Dataset section Start Marker

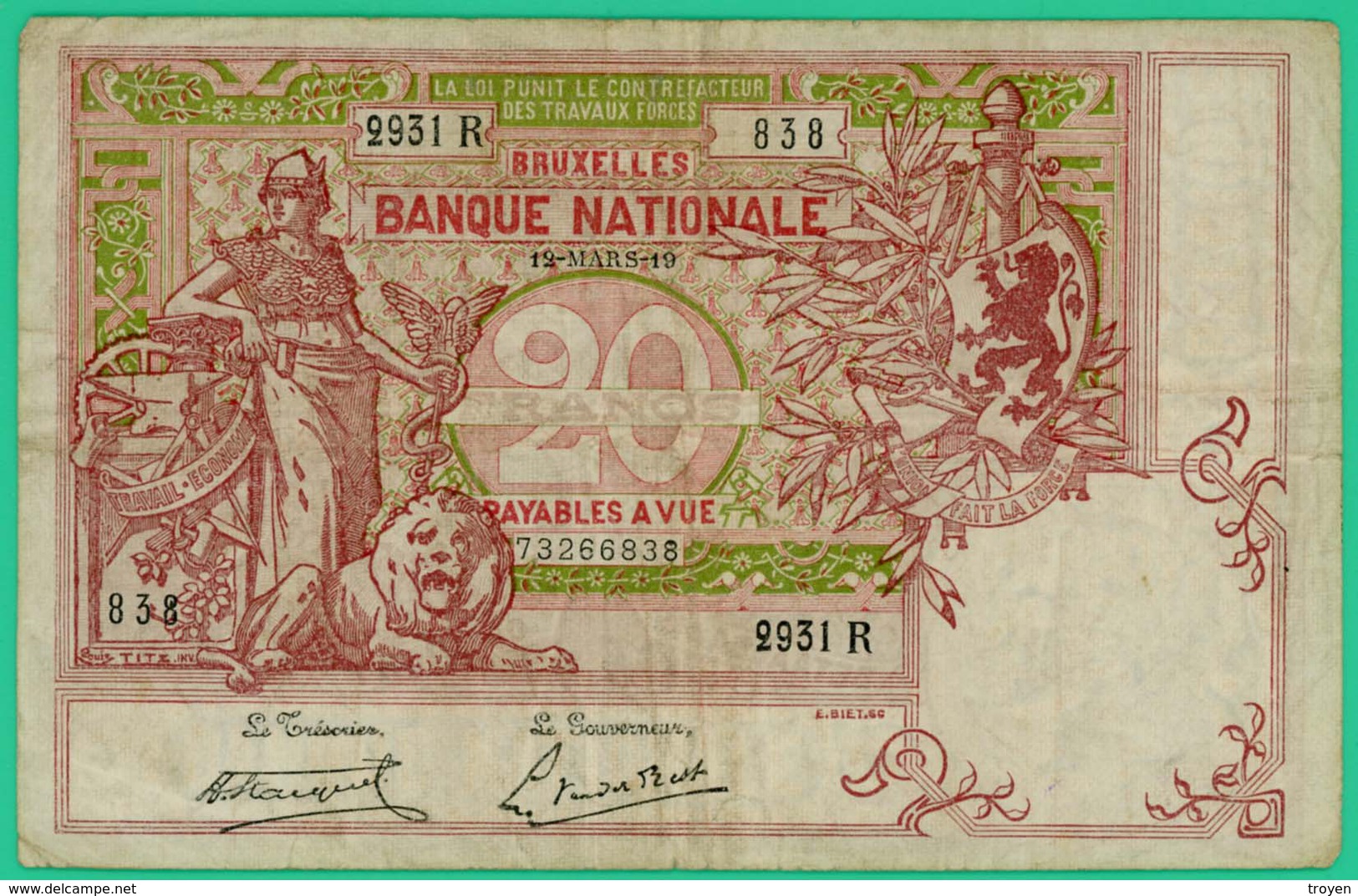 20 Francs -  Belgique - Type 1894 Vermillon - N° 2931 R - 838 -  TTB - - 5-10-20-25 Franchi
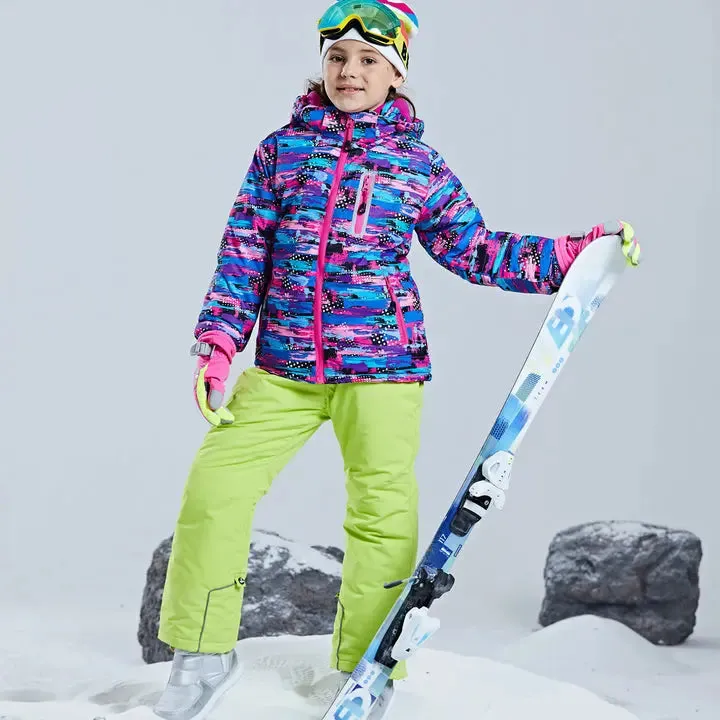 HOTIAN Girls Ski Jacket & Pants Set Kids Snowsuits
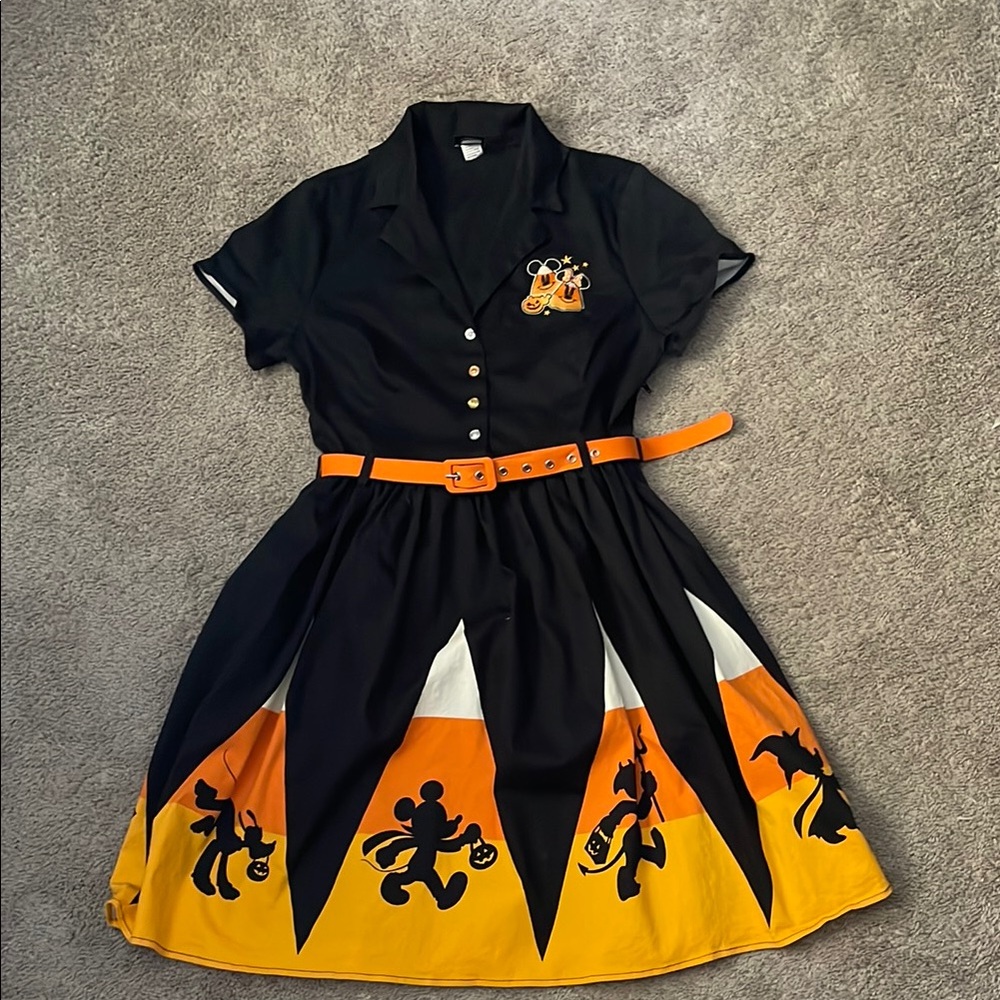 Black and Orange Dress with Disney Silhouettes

Dataset section End Marker

Exercise brief
Every line of the data is to be transcribed exactly, and no picture is to be included.

Response area
 20 Francs -  Belgique - Type 1894 Vermillon - N° 2931 R - 838 -  TTB - - 5-10-20-25 Franchi
 HOTIAN Girls Ski Jacket & Pants Set Kids Snowsuits
 Black and Orange Dress with Disney Silhouettes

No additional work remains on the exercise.